### Material provided:
————

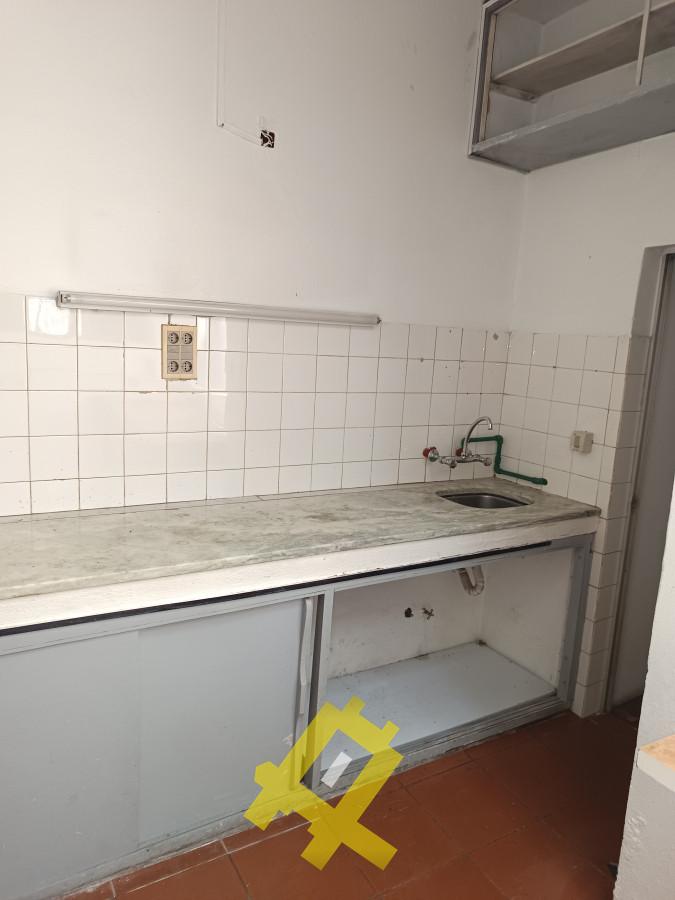 Local Comercial ID.110 - Local Comercial centro de Maldonado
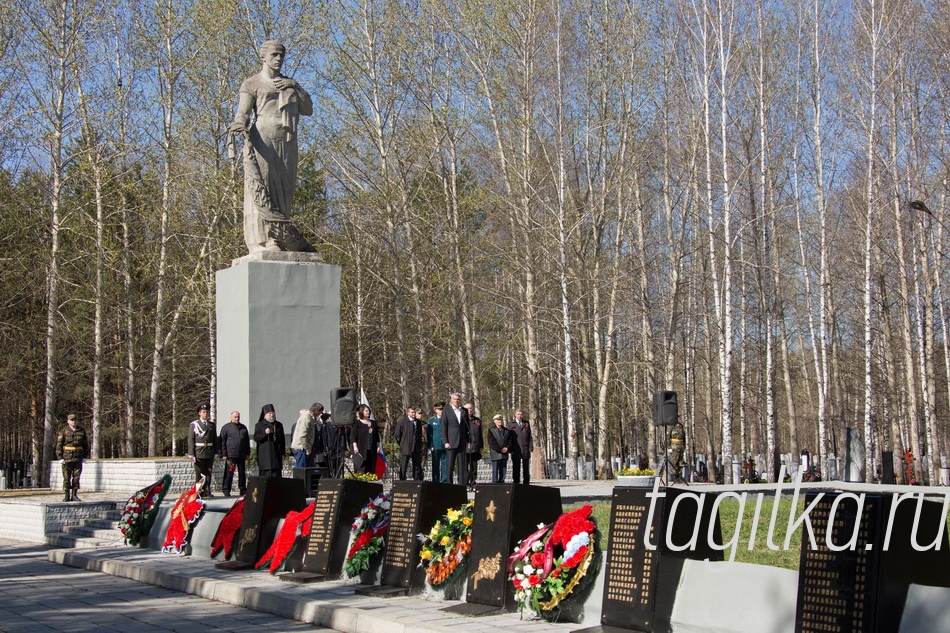 Нижний тагил кладбище рогожино. Мемориал воинской славы Нижнего Тагила. Мемориал воинской славы Нижнего Тагила Рогожино. Центральное городское кладбище Нижний Тагил. Аллея славы Нижний Тагил Рогожино.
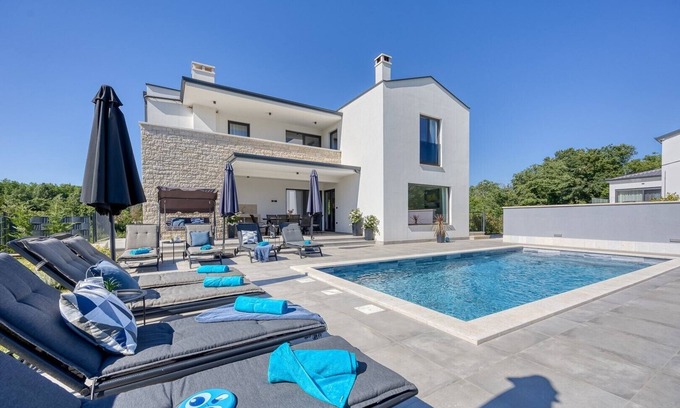 Tinjan Villa | Villa Nona in Kringa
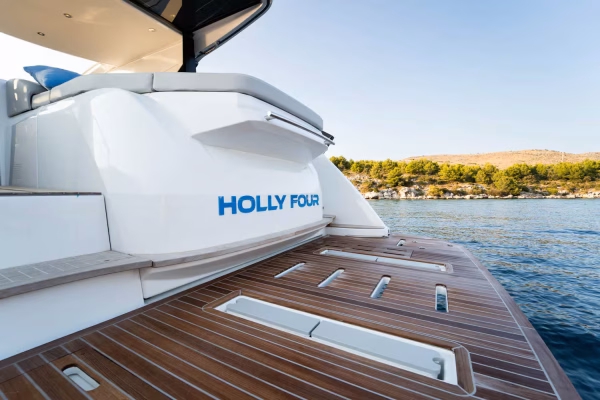Motoryacht Charter in Šibenik: Gran Turismo 45 - Holly Four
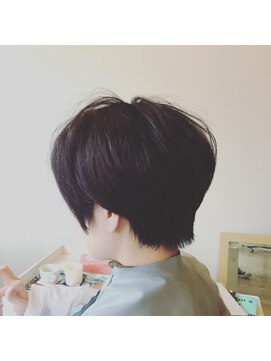 カタチヘアー(HAIR) 。。。。。。キラキラ。。。ヒカル。。。ショートのカタチ。。。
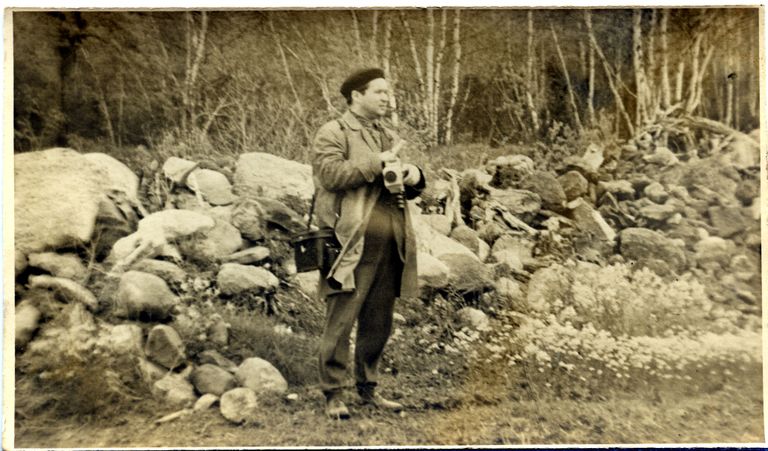 Võhma kolhoosipõllul oli fotoaparaat kaasas Endel Püüal, kes jäädvustas ajaloo jaoks foto filmimehest õpetajast.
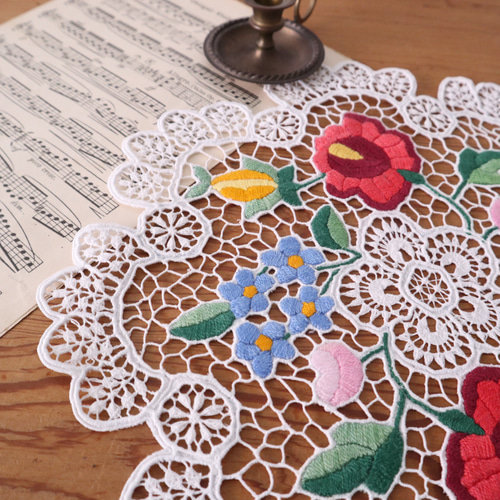 ハンガリーの手仕事/華やかなレースとカロチャ刺繍のドイリー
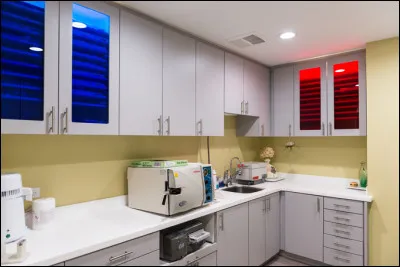 Une porte après et voilà où le personnel soignant désinfecte le matériel médical. Quelle est la couleur des vitres des deux placards ?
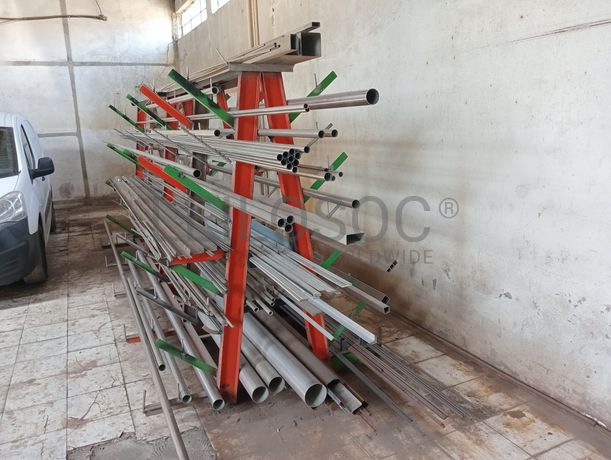 Equipamentos · Mobiliário · Stock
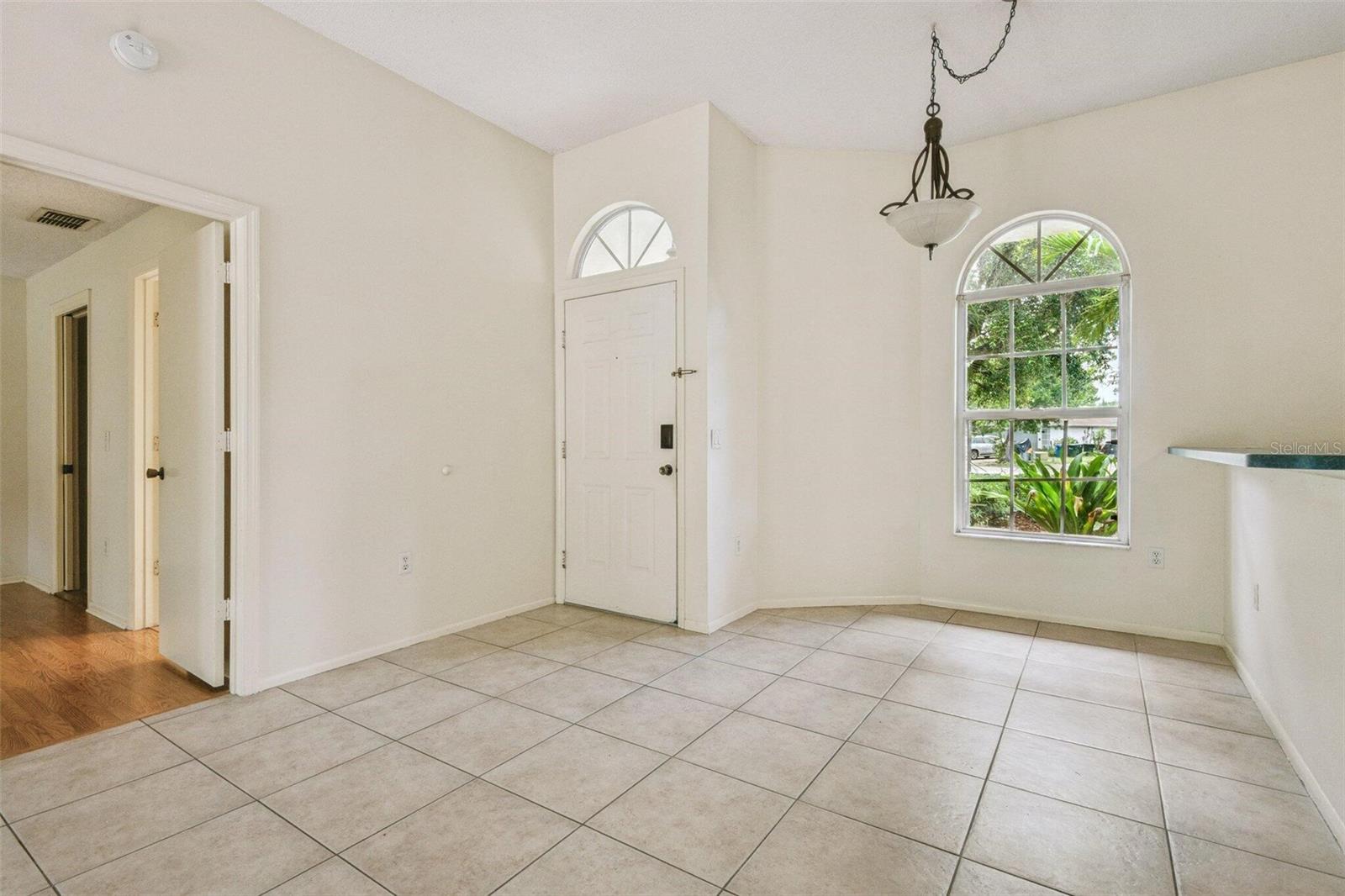 1849 WOOD HOLLOW CT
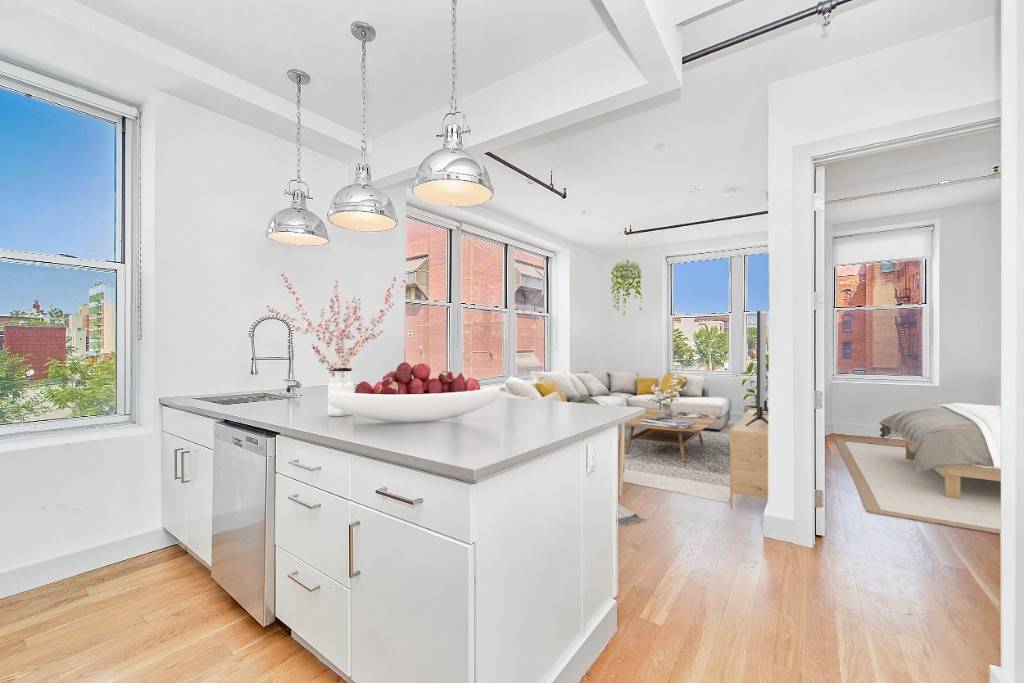 Luxury Loft Williamsburg Available ASAPAPARTMENT High CeilingsLoft LayoutsChefs KitchenWasher Dryer In UnitDishwasherOver Sized Living RoomStrip Wood FlooringNo Broker FeeNest System347 Lorimer RooftopElevatorLaundry RoomCarson Home SystemHeart of William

————

### Try it:
Could you return each line, unchanged, from the line containing "カタチヘアー(HAIR) 。" through the last line of the entries above, leaving out the pictures?

### Task solution:
 カタチヘアー(HAIR) 。。。。。。キラキラ。。。ヒカル。。。ショートのカタチ。。。
 Võhma kolhoosipõllul oli fotoaparaat kaasas Endel Püüal, kes jäädvustas ajaloo jaoks foto filmimehest õpetajast.
 ハンガリーの手仕事/華やかなレースとカロチャ刺繍のドイリー
 Une porte après et voilà où le personnel soignant désinfecte le matériel médical. Quelle est la couleur des vitres des deux placards ?
 Equipamentos · Mobiliário · Stock
 1849 WOOD HOLLOW CT
 Luxury Loft Williamsburg Available ASAPAPARTMENT High CeilingsLoft LayoutsChefs KitchenWasher Dryer In UnitDishwasherOver Sized Living RoomStrip Wood FlooringNo Broker FeeNest System347 Lorimer RooftopElevatorLaundry RoomCarson Home SystemHeart of William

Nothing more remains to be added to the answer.